- **INFORMATION SHOWN**:
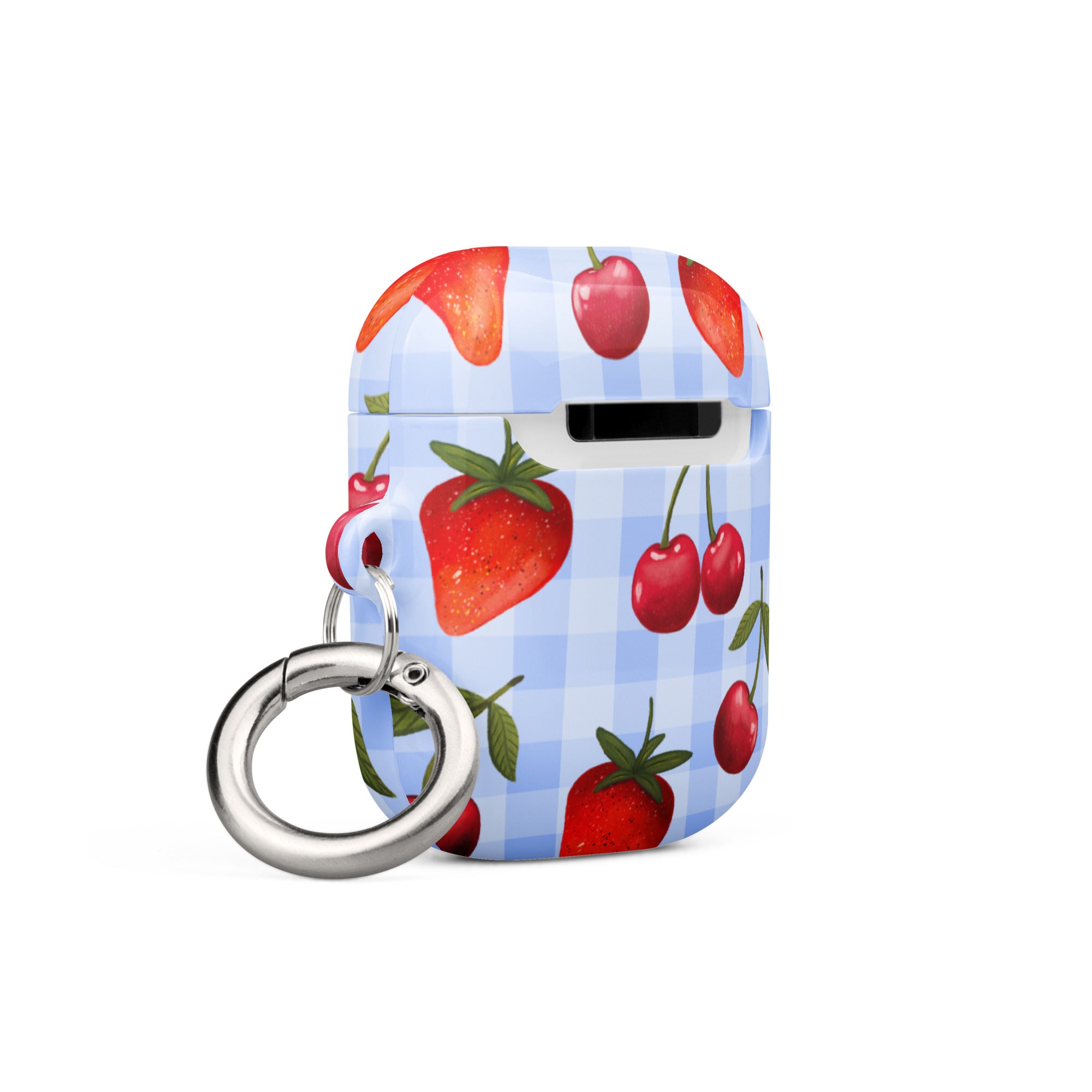 Cherries and Berries - Case for AirPods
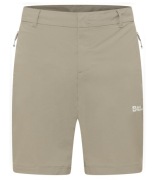 Jack Wolfskin Jack Wolfskin Hikeout Shorts M spodnie męskie krótkie 46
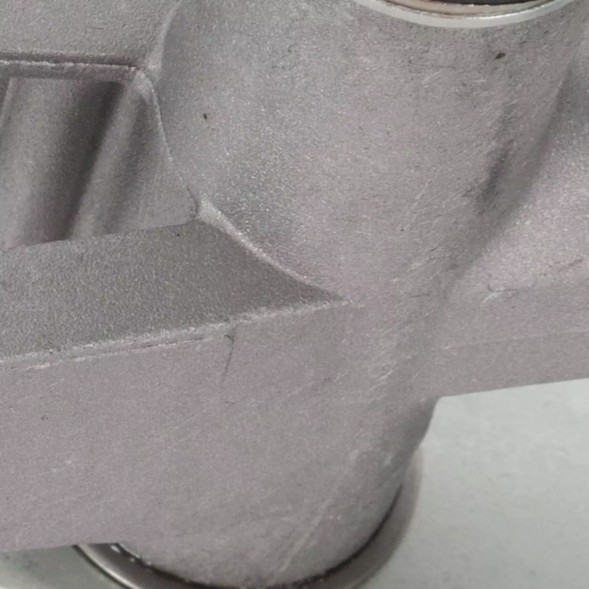 США USA-55077098AL Механізм склоочисників dodge рам 1500 2500 3500 пікап 05-10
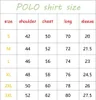 2024 Polo de grande taille pour hommes décontractés Vneck Butter Business Stripe Matching Tshirt Top Heat Sublimation Printing 240419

- **TASK PROMPT**:
Each line from the one containing "США USA-55077098AL Механізм" through the last line of the listing is to be given again exactly, with no pictures and no other lines.

- **OUTPUT BELOW**:
 США USA-55077098AL Механізм склоочисників dodge рам 1500 2500 3500 пікап 05-10
 2024 Polo de grande taille pour hommes décontractés Vneck Butter Business Stripe Matching Tshirt Top Heat Sublimation Printing 240419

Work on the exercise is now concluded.